One stove being tried out is designed to heat a four- to five-room house and use either hogged fuel or wood in the form of small blocks. Other improved stoves have been placed on the market, with such features as downdrafts and thermostatic damper controls to keep room temperatures more constant and save fuel (fig. 4).

Firewood
Fig. 5. A home-made furnace with an 80 gallon oil drum as the firebox. Air is heated in the brick-enclosed space surrounding it. The wood post is too close for complete safety.

A farmer may find it best to construct his own wood-burning furnace of brick, using little new metal material except pipes for smoke outlets and air ducts. One or more large oil drums can serve as the firebox, and other parts can be made from discarded articles. A home-made furnace of this type is shown in figure 5. Circulating by means of inlet and outlet pipes, the air is heated in the enclosed space around the oil drum.

Other Forms of Wood-Fuel Use

If wood is cut to very small pieces, it can be moved more conveniently by means of shovels, chutes, or belt conveyors and becomes suitable for automatic firing. Hogged fuel is of this sort and is produced by a machine called a hog which reduces mill waste or other wood chips and splinters; this fuel is often burned with sawdust and shavings in industrial boilers and large heating plants. Pacific Coast lumber mills, pulp and paper mills, and electric-power plants are the principal users.

These fuels are measured in units of 200 cubic feet, containing about the same quantity of material as a cord of 4-foot wood. Hogged fuel has 10 times the bulk of good coal, in proportion to its heating value, but, with mechanical stoking, efficiencies of 70 to 75 percent can be expected, at least equaling the efficiency obtained in burning steam coal. Where hogged fuel and sawdust are available locally, users have reported large savings, especially in regions that are remote from sources of other fuels. The Dutch-oven or reflecting-arch type of installation is commonly employed. In case of a shortage of the fuel formerly used, small industrial plants such as creameries can build Dutch ovens for burning wood fuel, if hand firing is feasible.

Sawdust has been used successfully also for domestic heating, particularly in the Pacific Northwest and in Maine.

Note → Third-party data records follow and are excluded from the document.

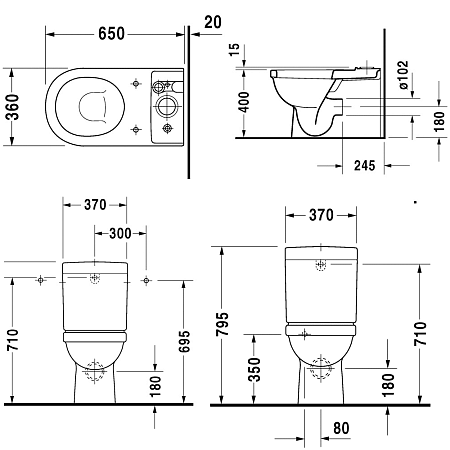 Унитаз-компакт Duravit Happy D 0170090000 подвод снизу
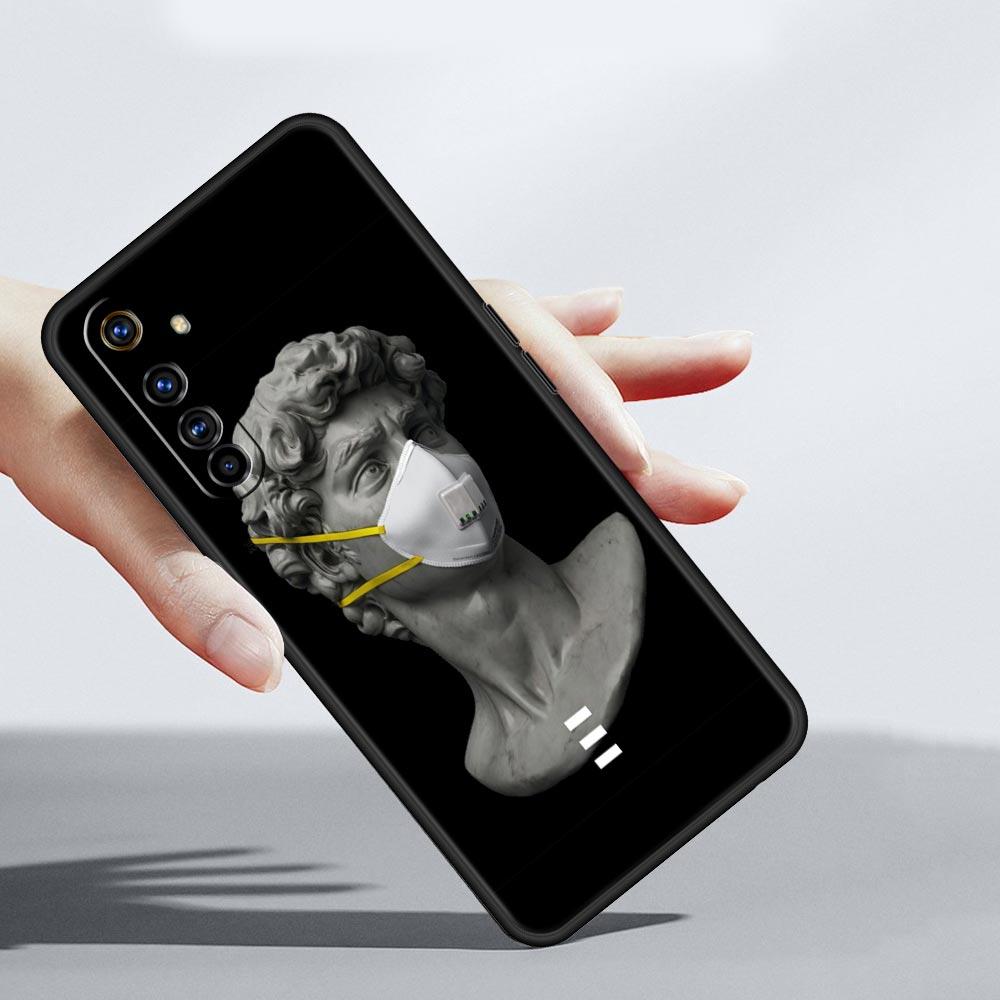 Cartoon Statue Abstract Art Case For Realme C67 C63 C55 C53 C35 C25 C21 GT 2 3 5 6 10 11 12 13 Pro Plus 5G Soft TPU Phone Cover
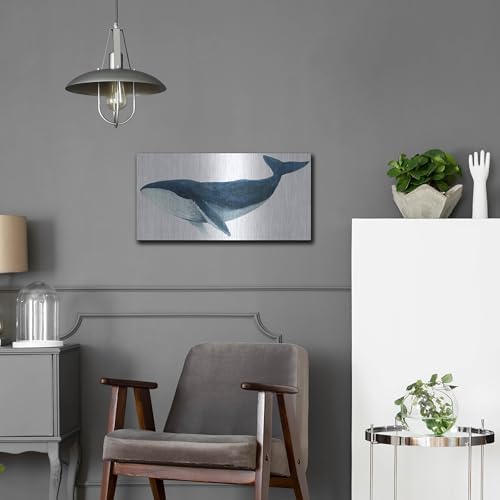 Humpback Whale Blue Metal Wall Art 24x12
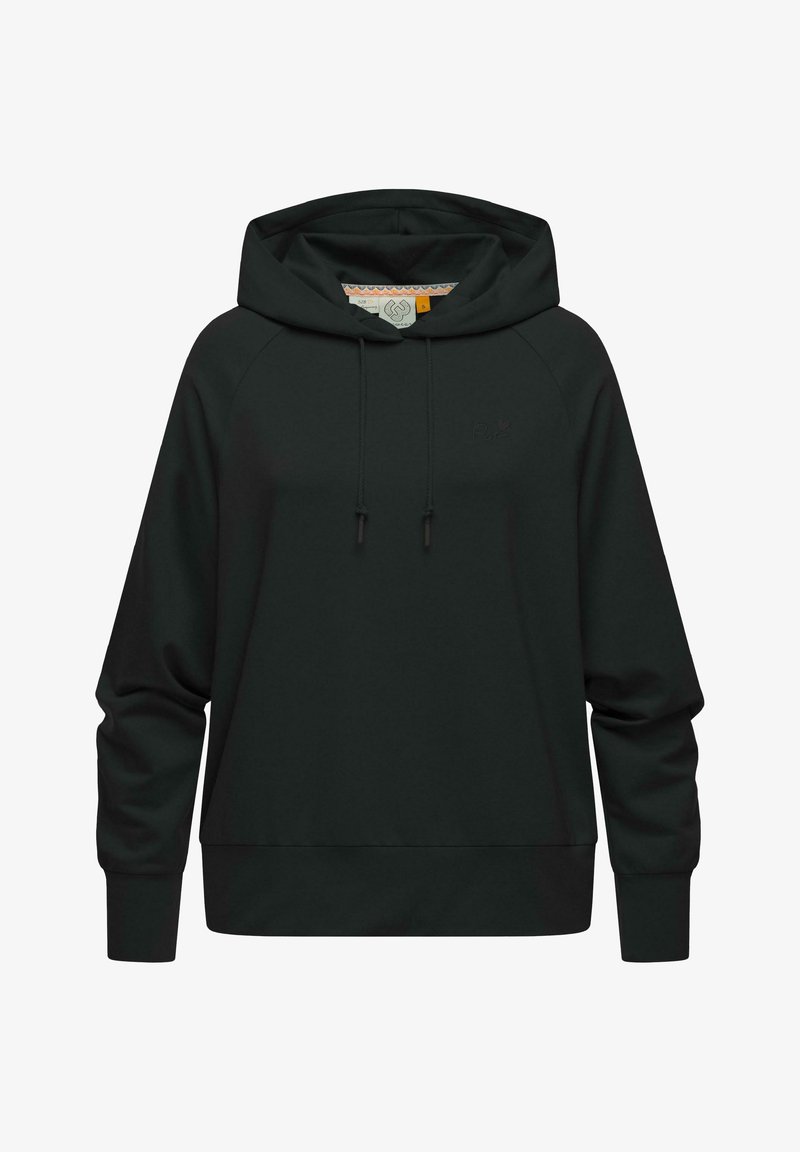 Črn kapućast pulover iz mehkega materiala, ki se ponaša z ohlapnim krojem, raglan rokavi, kapuco z vrvico in diskretno logotipno detajlacijo na prsih.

A unit with a large hopper and a simple gravity feed is generally used, the combustion taking place in the ashpit of a converted furnace, which has been lined with firebrick. As to economy, sawdust is said to compare very favorably with other fuels, and the use of sawdust burners became so popular in Portland, Oreg., a few years ago that the surplus of sawdust available has tended to disappear.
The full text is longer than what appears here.